The thermal physical parameters for the nanofluid are related to that of the base liquid and Al₂O₃ nanoparticles (listed in

Table 1. Thermal physical parameters for base liquid and nanoparticle [29].

Matter	Density ρ (kg/m3)	Thermal Conductivity k (W/m·K)	Specific Heat Capacity cp (J/kg·K)
Water	998.2	0.6	4182
Al2O3	3970	42	880

), e.g., the viscosity, heat specific, density, and thermal conductivity of the nanofluid. They vary with the flow, the temperature, and the volume fraction of the nanoparticles. The dynamic viscosity of the base fluid is:

$${\mu }_f=(2.414\times {10}^{-5})\times {10}^{\frac{247.8}{(T-140)}}$$

(8)

According to the Brinkman model, the dynamic viscosity of a nanofluid is [30]:

$${\mu }_{nf}=(1+2.5\phi ){\mu }_f.$$

(9)

The density and heat specific of a nanofluid can be written as [31]:

$${\rho }_{nf}=\phi {\rho }_p+(1-\phi ){\rho }_f$$

(10)

$${(c\rho )}_{nf}=\phi {(c\rho )}_p+(1-\phi ){(c\rho )}_f.$$

(11)

The thermal conductivity model for an Al₂O₃-water nanofluid derived by Chon [32] is given as:

$$\frac{K_{nf}}{K_f}=1+64.7{\phi }^{0.75}(\frac{d_f}{d_p}{)}^{0.37}(\frac{k_p}{k_f}{)}^{0.75}Pr{Re}_p^{1.23}$$

(12)

where the diameter of water molecule $d_f=$ 0.28 nm, the Prandtl number $Pr=c_f{\mu }_f/k_f$, the particle Reynolds number $R{e}_p={\rho }_f{u}_{\mathrm{B}}{d}_p/{\mu }_f$, the Brownian velocity $u_B=k_{B}T/3\pi {\mu }_f{d}_p{\lambda }_f$, and the mean free path of the water molecule ${\lambda }_f$ is 0.17 nm [33].
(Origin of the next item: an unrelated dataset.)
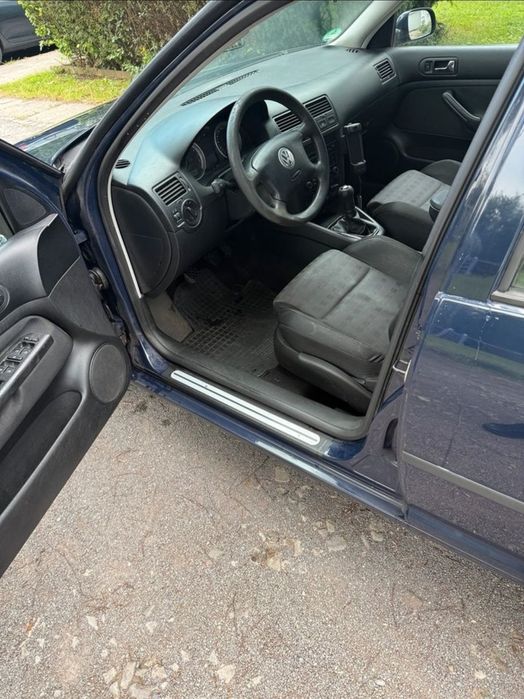 Vw golf 5 1.9 dti 102 cp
3.2. Parameters for Evaluating the Thermal Performance

It is necessary to define relevant parameters for assessing the heat transfer performance of an MAHS. The Nusselt number ($Nu$) represents the heat transfer performance caused by convection and is given as:

$$Nu=\frac{\mathrm{h}D}{\mathrm{k}}$$

(13)

where $D$ is hydraulic diameter and the heat transfer coefficient $\mathrm{h}$ can be written as:

$$\mathrm{h}=\frac{q{A}_q}{A_c(T_c-T_f)}$$

(14)

where $A_q$ and $A_c$ are the heated area and conjugated area (i.e., solid–fluid interface area on bottom wall), respectively. The average temperature in the conjugated area and in the fluid in the channel are, respectively, given as:

$$T_c=\frac{{\displaystyle \int TdA}}{{\displaystyle \int dA}}\mathrm{and}{T}_f=\frac{{\displaystyle \int T{\rho }_{f}dV}}{{\displaystyle \int {\rho }_{f}dV}}$$

(15)

The friction coefficient denoting the resistance force is given as:

$$f=\frac{2\Delta pD}{L{\rho }_f{v}_{in}^2}$$

(16)

where, $\Delta p$ is the pressure drop.

The pump power of an MAHS for steady flow can be defined as:

$$P_p=\Delta p{v}_{in}{A}_{in}$$

(17)

where the inlet area $A_{in}=\frac{{\varphi }^2\pi }{4}$ and $\varphi$ is the inlet diameter, which was set to be 330 μm in the present work. The average Nusselt number with an identical pump power was suggested to be a good option to evaluate the thermal performance of an MAHS [34] because the pump power, a very common index in practical engineering, represents the flow resistance, and the Nusselt number (or thermal resistance) represents heat transfer capability. In fact, the Nusselt number with an identical pump power can be used to replace the $Nu/f^{1/3}$ [12,18] to evaluate the thermal performance of the heat sink.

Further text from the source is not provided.